- Written by Nathan Drake
I wasn’t around when credit cards gained in popularity, or at least I wasn’t old enough to remember a world without them. I was in college in the 80s and getting a hold of mom and dad’s credit card for a party was within my reality as a student (especially since this was at a time before eStatements, when a parent wouldn’t find out about the unauthorized purchases for at least a month). I would imagine, though, that there were concerns with having a bank account or other important information attached to a plastic card. There may have even been privacy concerns.
That’s the way it is with any technology that requires your information. People inherently do not like to give away information about themselves, whether that be personal or financial information without knowing that they can trust completely the entity to whom they are giving it. Of course, there are some necessary evils we are presented with, giving our information to banks even as we hear of banks and other institutions being hacked and having the information harvested, but, for the most part, people are reluctant to do this.

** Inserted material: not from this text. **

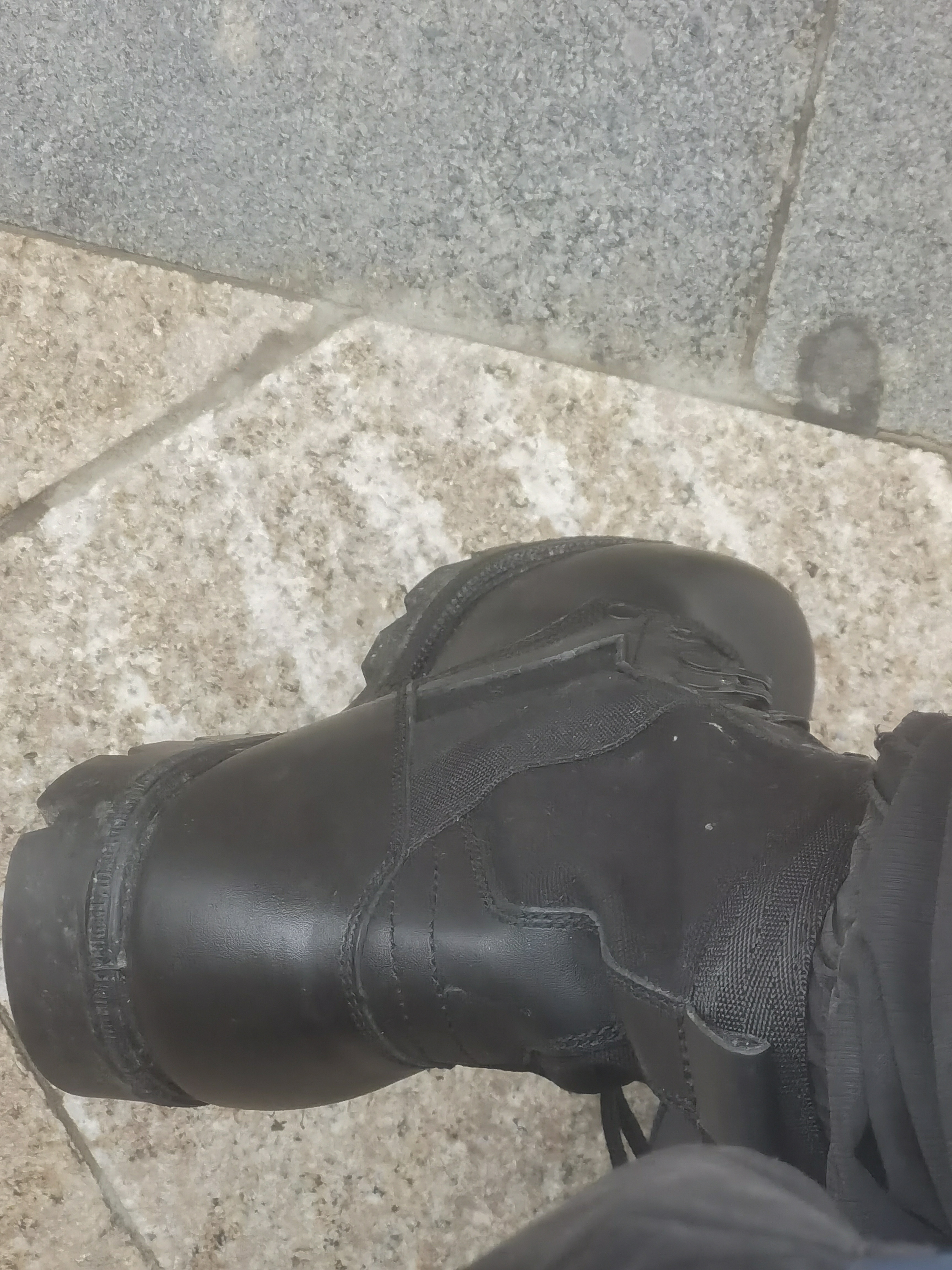 金螳螂，算什么档次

The same is true with NFC. In order to get NFC to work on your phone, you will have to give your information to the chip through the app. This app is, like anything else on your phone, part of a network, and as Wikileaks and Anonymous have shown us, there is not a network in existence that cannot be hacked.
According to the report linked to in this article, there are, in addition to any firewalls constructed on the technical side, practical safeguards put in place as well. I like that you can only spend 15 pounds per purchase with NFC. I hope that once they develop a more secure network that that amount goes up, as there are many purchases I make on a fairly regular basis over the 23 or so dollar limit. But this does, like the article states, stop people from, even if they stole your phone, using the NFC for any major purposes. Of course, this doesn’t stop the appropriately talented and motivated person from hacking your phone and taking the information, but that level of talent and motivation is rare. The motivation to physically take something and benefit from the theft is, tragically, not so rare.
Developing a system that is completely secure may simply never happen. Consider the fact that, even if we continue to refer to NFC by the same name, the technology we use to implement it will inevitably change, creating new opportunities for convenience even as it creates new opportunities for hackers. What is nice to see in this article, however, is companies actually managing to show restraint in the interest of their customers (and, I imagine, their bottom line, as no one wants their name associated with a massive information leak).